Wenn es um Versöhnung zwischen einzelnen oder Gruppen im Namen des Glaubens geht, wird manchmal die Befürchtung laut, dies könnte zu einer Einförmigkeit führen, die der Besonderheit jeder Seite schadet. Verliert man dabei nicht, was am eigenen Weg so authentisch ist? Schlimmer noch, überrollt nicht die stärkere Seite die andere und zwingt ihr die eigene Sichtweise auf?
Solche Befürchtung verkennt die Sicht der Einheit, die der Bibel eigen und unseren Vorstellungen entgegengesetzt ist. Unsere Welt geht im Allgemeinen von der Autonomie des einzelnen und jeder Gruppe aus und fragt sich dann, wie man zwischen diesen disparaten Wirklichkeiten eine Beziehung herstellen kann. Nachdem die Beziehungen von den betreffenden Seiten abhängen, ist es nicht überraschend, dass sie zerbrechlich, stets am Rande der Auflösung sind. Die einzige dauerhafte Einheit scheint eine mit Gewalt herbeigeführte zu sein.

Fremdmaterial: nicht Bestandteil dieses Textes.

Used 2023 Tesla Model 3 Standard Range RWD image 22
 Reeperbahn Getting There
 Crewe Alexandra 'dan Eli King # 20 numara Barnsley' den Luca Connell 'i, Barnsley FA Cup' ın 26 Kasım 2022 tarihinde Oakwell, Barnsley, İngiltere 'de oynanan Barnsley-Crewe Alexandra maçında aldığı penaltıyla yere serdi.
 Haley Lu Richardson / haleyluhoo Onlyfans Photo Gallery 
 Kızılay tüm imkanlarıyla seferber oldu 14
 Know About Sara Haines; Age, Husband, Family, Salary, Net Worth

In der Bibel ist dagegen die Beziehung grundlegend. Beiden Seiten finden ihre Identität und ihre Existenz durch die Bande, die sie miteinander haben. Wenn Gott der Vater und der Sohn in der Einheit ein und desselben Atems ist, folgt daraus, dass jede Person der Dreieinigkeit nur durch ihre Beziehungen zu den anderen besteht. Wenn Gott Schöpfer ist, bedeutet das, dass das All nur insoweit existiert, als es von seinem Ursprung abhängt. Wenn Israel und später die Kirche sich als Volk Gottes bestimmen, ist ihre Identität durch den göttlichen Ruf und die menschliche Antwort festgelegt. Die Einheit entsteht nicht auf Kosten der Identität jedes Elements; im Gegenteil, sie teilt jedem zu, was er sein muss. Dies versucht Paulus verständlich zu machen, indem er sich des Bildes des Leibes bedient: „Wie wir an dem einen Leib viele Glieder haben, aber nicht alle Glieder denselben Dienst leisten, so sind wir, die vielen, ein Leib in Christus (...) Wir haben unterschiedliche Gaben, je nach der uns verliehenen Gnade“ (Römer 12,4-6).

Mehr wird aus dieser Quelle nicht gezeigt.